Florian Kupfer - Unfinished

(Technicolour)

Plutôt habitué à travailler une matière rugueuse et âpre quand il pose sur un label comme L.I.E.S., Florian Kupfer sait aussi passer en mode petit chaton à l'occasion, comme le prouve ce second EP pour Technicolour, un imprint de Ninja Tune qui nous a habitué à de très bonnes choses récemment - et zou, un petit poke au frouze Nathan Melja et son No No No sorti plus tôt dans l'année. Sans vraiment abandonner son fond de commerce, Florian Kupfer s'en va parler aux amateurs de house un brin intello et expé, qui se sentent très à l'aise dans leurs jolis habits de babtous sensibles. Quatre titres plein de tendresse, qui puisent leur énergie dans des basses légèrement saturées et conquièrent définitivement nos cœurs avec des accroches mélodiques délicieusement retorses.

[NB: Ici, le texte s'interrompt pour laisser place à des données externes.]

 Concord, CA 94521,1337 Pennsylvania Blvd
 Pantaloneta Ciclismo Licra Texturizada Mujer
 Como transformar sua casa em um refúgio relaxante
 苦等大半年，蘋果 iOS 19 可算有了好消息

Vince Staples - Prima Donna

(Def Jam)

Déjà avant de balancer le double Summertime '06, Vince Staples avait mis quelques points sur le i avec un EP, le monstrueux Hell Can Wait. Bis repitita donc, avec un Prima Donna annonciateur du nouvel album de l'ancien membre du collectif Odd Future - dont il a bien fait de se distancier quand on voit la somme d'individualités qu'est devenu ce dernier. Déjà flamboyant lors de ses récentes apparitions (notamment sur l'album de Clams Casino avec le Scud "On Sight"), le natif de Long Beach enfonce le clou avec le marteau de Thor et continue de perfectionner son art en servant un hip-hop so(m)bre mais terriblement félin et agile, d'apparence classique mais qui en raconte finalement bien plus sur son époque qu'on ne pourrait le penser. Et si rien ne surprend vraiment sur Prima Donna, c'est surtout l'impression d'entendre Vince Staples passer un nouveau palier en termes de maîtrise et d'efficacité qui donne vraiment envie d'entendre la suite. Parce qu'on ne va pas se mentir, on est en chien comme jamais.

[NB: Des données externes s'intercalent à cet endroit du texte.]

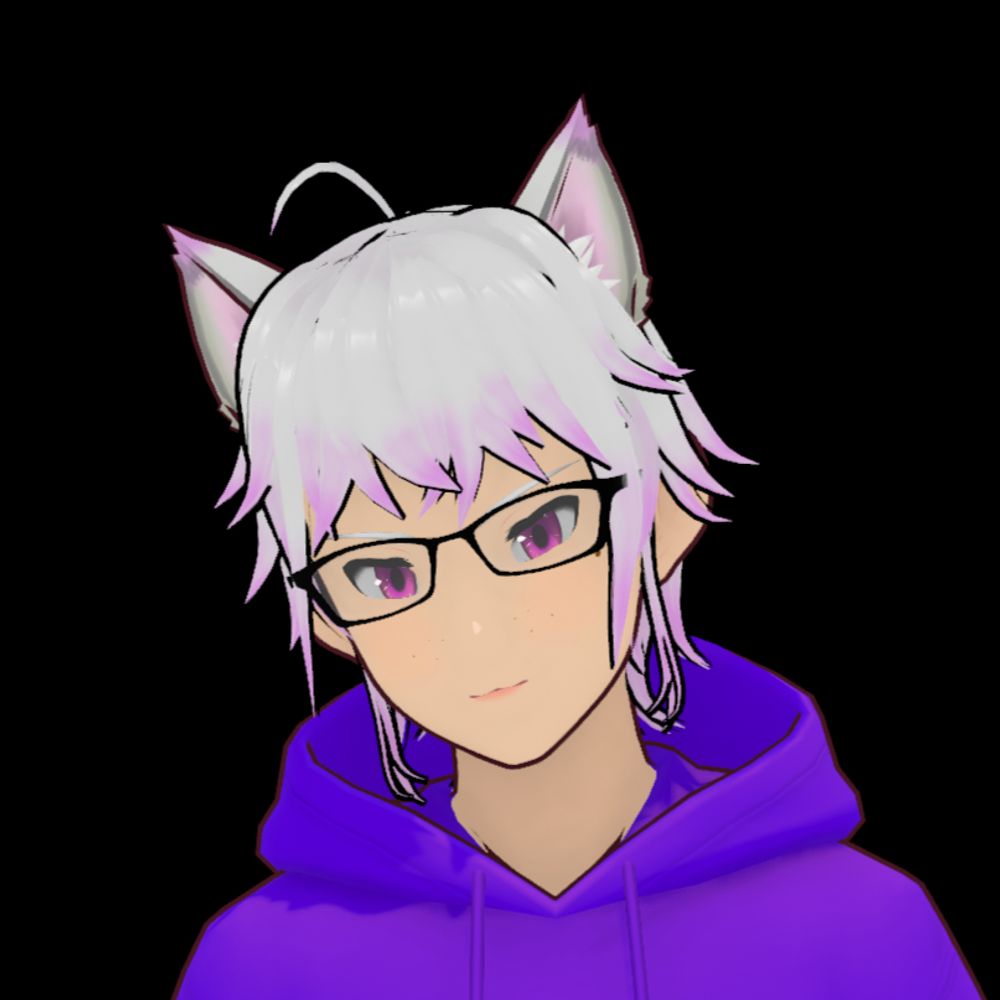 Shirou Blank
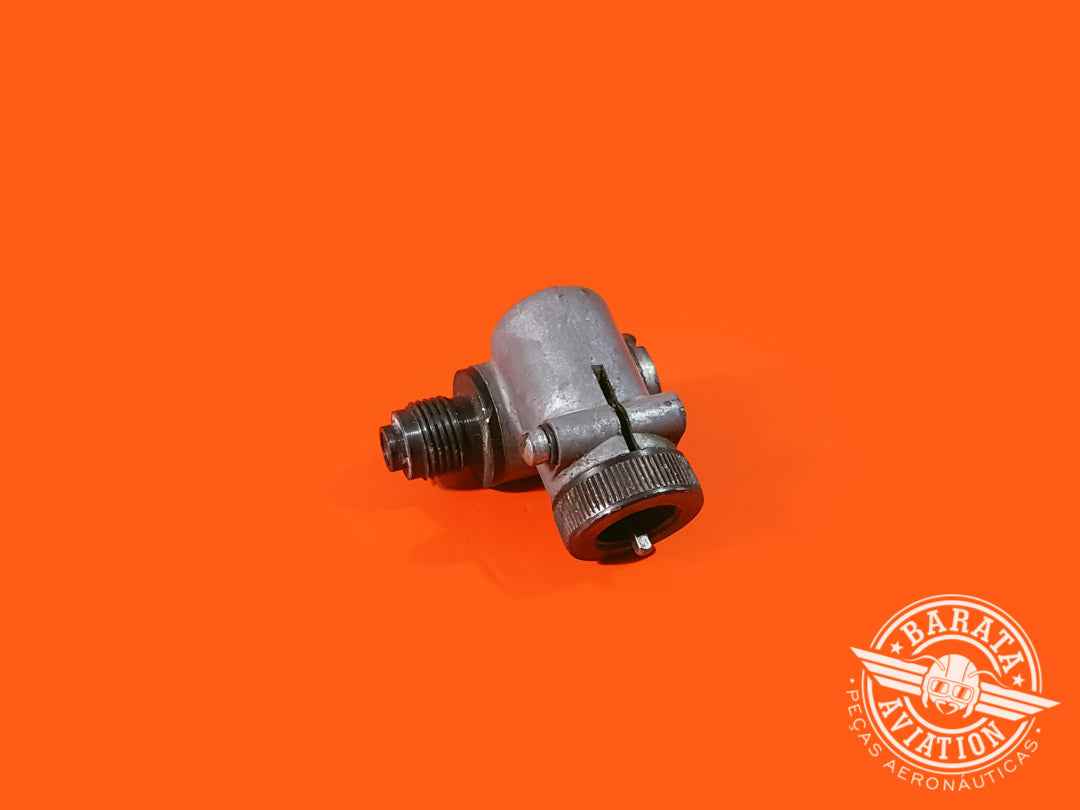 TACH DRIVE ADAPTER - P/N 106301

Japanese Breakfast - Psychopomp

(Dead Oceans)

Du chagrin peuvent naître de très belles choses. En tout cas, c'est ce qu'on se dit à l'écoute de Psychopomp, premier album de Japanese Breakfast dont l'origine remonte au décès d'un être cher. C'est en effet suite à la perte de sa mère que Michelle Zauner, unique maître à bord, compose et enregistre ces neuf perles dream pop ensorcelantes, qui marqueront très probablement un véritable tournant dans la carrière de l’Américaine. Certes, on vous en avait déjà un peu parlé il y a quelques mois auparavant. Néanmoins, l’album paru début avril outre-Atlantique n’est arrivé officiellement dans nos bacs que tout récemment grâce aux réseaux de distri de Dead Oceans, label texan qui s'est senti obligé de justifier son statut de maison de choix pour les belles musiques indie (Kevin Morby, The Tallest Mon Earth, Mitski, etc). Du coup, on en remet une petite couche histoire que vous ne passiez pas à côté de ce qui pourrait très légitiment s’imposer comme un de nos chouchous de 2016. Car, bien qu'on vous excuse volontiers de n'avoir jamais entendu parler de Michelle Zauner, on sera en revanche moins clément si vous ne daigniez pas prêter une oreille attentive à cet album qui fera très facilement son nid dans n'importe quel cœur un peu souffreteux.